According to Will Adams, Metal Bulletin’s Head of Research for the battery materials, base metals and precious metals markets, demand for lithium-ion batteries will soar to 650 GWh by 2025, from only 70 GWh last year.
The need to store electricity, generated by renewable energy sources such as wind and solar, will also help demand to grow, he said on a report published Monday.
Battery pack costs have fallen to around $200/kWh this year, from around $1 000/kWh in 2010, and may reach a battery cell cost of $100/kWh this year, with its battery pack costs expected to reach that level in 2020.
The $100/kWh price tag for a battery pack is thought to be the tipping point where EV and internal combustion engine vehicles (ICE) costs are similar.
The Metal Bulletin expects many consumers to see EVs as a must-have status symbol well before prices converge and warns that raw material supply may not be able to respond in time.
As it normally takes about seven to ten years to bring a new greenfield mine on line, the need for current production to double, triple or quadruple over that kind of timetable is a tall ask, the report says.
“Given the enormous task ahead, we expect partnerships will have to form to match the right type of supply to the particular demand,” Adams says.
Battery raw material prices, however, will have to stay high enough to spur the massive investment needed to bring new supply on line in a timely manner.
Lithium and cobalt are currently seeing a supply response to the demand shock that came out of China late in 2015, which was triggered when Beijing’s thirteenth five-year plan targeted 5 million EVs on the road by 2020 (later revised to 2 million EVs).
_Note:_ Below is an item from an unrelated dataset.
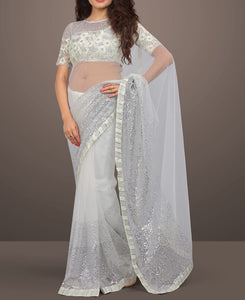Dazzling White Colour Net Thread Sequence Embroidered Work Saree Blouse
This sent battery and EV manufacturers scrambling to build additional capacity.
In lithium, several new projects are either popping out or getting close to begin production, while traditional suppliers — namely South America and Australia — are increasing output at a steady pace too.
As a result, the Metal Bulletin forecast a lithium surplus of around 7,000 tonnes in 2018 and around 29,000 tonnes in 2019.
It also expects and oversupply for cobalt, another key ingredient in the making of batteries that power EVs, of 4,000 tonnes this year and 9,000 tonnes in 2019.
The irony is that oversupply of lithium and cobalt will likely dent prices at a time when producers need funds to plan new production to be ready in seven or ten years’ time. The Metal Bulletin expects EVs to be cheaper than their ICE equivalents by then, causing an unprecedented demand for lithium-ion batteries.